- Cosmopolitan distribution
- Humans are the reservoir of this 1 cm long worm
- Ileocaecal region ? Anal region: anal itch
This parasite is cosmopolitan. There is no intermediate host. Infection is via ingestion of eggs e.g. by eating food touched by contaminated hands or by handling contaminated clothes or bed linens. Eggs accumulate in the ileo-caecal region. After copulation the males die. The females migrate via the colon to the anus and lay their eggs chiefly at night as they creep over the peri-anal skin. This explains the nightly itching. Self-infection occurs by transferring infective eggs to the mouth with hands that have scratched the perianal area. Retro-infection or the migration of newly hatched larvae from the anal skin back into the rectum, may also occur. In rare cases there is vaginal itch because the females can also hide there. Sometimes the parasites are found in the appendix. The eggs must be sought not only in the faeces, but also on the peri-anal skin (using Scotch tape or other transparent sticky tape). In women the eggs may be found in the urine due to contamination. Apart from the itch there are few problems. There is a possible association between infection with Enterobius and infection with the possibly pathogenic amoeboflagellate, Dientamoeba fragilis. A hypothesis is that Enterobius vermicularis serves as a vector for D. fragilis, as D. fragilis DNA has been detected within surface-sterilized eggs of E. vermicularis.
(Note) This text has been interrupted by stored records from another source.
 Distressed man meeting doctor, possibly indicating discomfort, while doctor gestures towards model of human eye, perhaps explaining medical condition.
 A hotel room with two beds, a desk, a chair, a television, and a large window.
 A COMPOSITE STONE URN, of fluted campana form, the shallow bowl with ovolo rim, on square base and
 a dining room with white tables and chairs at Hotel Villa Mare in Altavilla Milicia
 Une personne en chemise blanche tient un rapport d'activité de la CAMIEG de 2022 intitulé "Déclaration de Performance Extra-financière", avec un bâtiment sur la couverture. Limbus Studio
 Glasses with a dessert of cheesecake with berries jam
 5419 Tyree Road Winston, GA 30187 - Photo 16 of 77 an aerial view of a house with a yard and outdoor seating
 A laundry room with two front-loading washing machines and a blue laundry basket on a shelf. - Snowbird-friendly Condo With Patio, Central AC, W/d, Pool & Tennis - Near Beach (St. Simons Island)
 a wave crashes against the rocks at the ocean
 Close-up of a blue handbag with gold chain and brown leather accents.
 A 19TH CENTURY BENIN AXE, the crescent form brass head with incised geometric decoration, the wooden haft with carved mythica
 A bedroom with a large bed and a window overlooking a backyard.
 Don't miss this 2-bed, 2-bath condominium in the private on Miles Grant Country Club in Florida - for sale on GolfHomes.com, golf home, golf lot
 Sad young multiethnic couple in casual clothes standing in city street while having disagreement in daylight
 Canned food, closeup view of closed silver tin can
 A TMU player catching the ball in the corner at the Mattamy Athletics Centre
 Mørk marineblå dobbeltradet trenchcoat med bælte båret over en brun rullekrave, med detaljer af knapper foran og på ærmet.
- Mebendazole 100 mg (Vermox®), to be repeated after 1 and 2 weeks. Albendazole is also effective.
- Ivermectin 12 mg single dose, to repeat after 2 weeks
- Pyrantel pamoate 10 mg/kg base once (max. 1 g); to repeat in 2 weeks
- Vanquin® (pyrvinium) may also be used as an alternative to mebendazole. The faeces may discolour red.
Since the eggs can adhere to all objects e.g. underclothing, sheets and so on, these should be changed. In a family it is best to treat all the family members, even those without symptoms.